Com a difusão da Internet como meio de comunicação, as redes sociais ocasionaram a agregação de pessoas com o mesmo objetivo: “dar fim” ao que não se usa mais, ou nunca se utilizou. Com isso, os grupos passaram a se organizar em espaços públicos abertos, alguns com barracas apresentando uma enorme variedade de produtos.
“O desapego sempre existiu, era chamado de brechó. As pessoas começaram a fazer doações e de repente viram que as mercadorias doadas estavam sendo vendidas no Facebook, ou no Orkut”, conta a doceira Heloísa Lima, que faz parte da comissão da Feira do Desapego da Vila Matilde, na zona leste de São Paulo. “Então, elas começaram a pensar: ‘Se as pessoas podem vender o que eu estou doando, então por que eu não posso vender também, por um precinho bem razoável, e conseguir comprar alguma outra coisa?’. O desapego tem esses altos e baixos, tem mercadorias que você encontra por cem reais na loja, e lá você encontra por vinte, trinta reais, então vale a pena”
Embora o verbo “desapegar” indique que há algum tipo de vínculo com aquilo que se está vendendo, quem frequenta a feira utiliza-o com um sentido bem diferente. Podem ser encontrados produtos novos em meio aos usados, todos com preços extremamente acessíveis.
Mas nem tudo são flores. Com a disseminação da feira naquele bairro, começaram a surgir pessoas praticando comércio ilegal, como o de animais. Com isso, a então subprefeita da Penha impediu momentaneamente a realização da feira.
“Foram árduos oito meses ‘fugindo’ da fiscalização e buscando um diálogo com a subprefeitura, para que os trabalhos voltassem ao normal através da legalização”, diz Heloísa. Aquele tipo de comércio passou a ser a principal fonte de renda de vários integrantes do grupo.
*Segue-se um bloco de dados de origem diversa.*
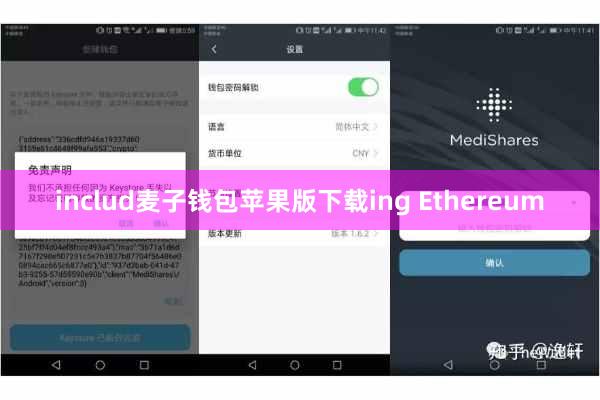includ麦子钱包苹果版下载ing Ethereum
Enquanto o processo decorria, a praça continuava existindo na ilegalidade, com a constante pressão dos fiscais, embora estes não fossem agressivos com os frequentadores da feira.
Por fim, no dia 9 de junho de 2018, foi publicada no Diário Oficial de São Paulo uma portaria da subprefeitura da Penha autorizando a realização da feira em uma praça de eventos na Rua Atuaí, ao lado da estação de metrô Vila Matilde. “Valeu muito a pena todo o esforço, o stress, o nervosismo”, afirma Heloísa.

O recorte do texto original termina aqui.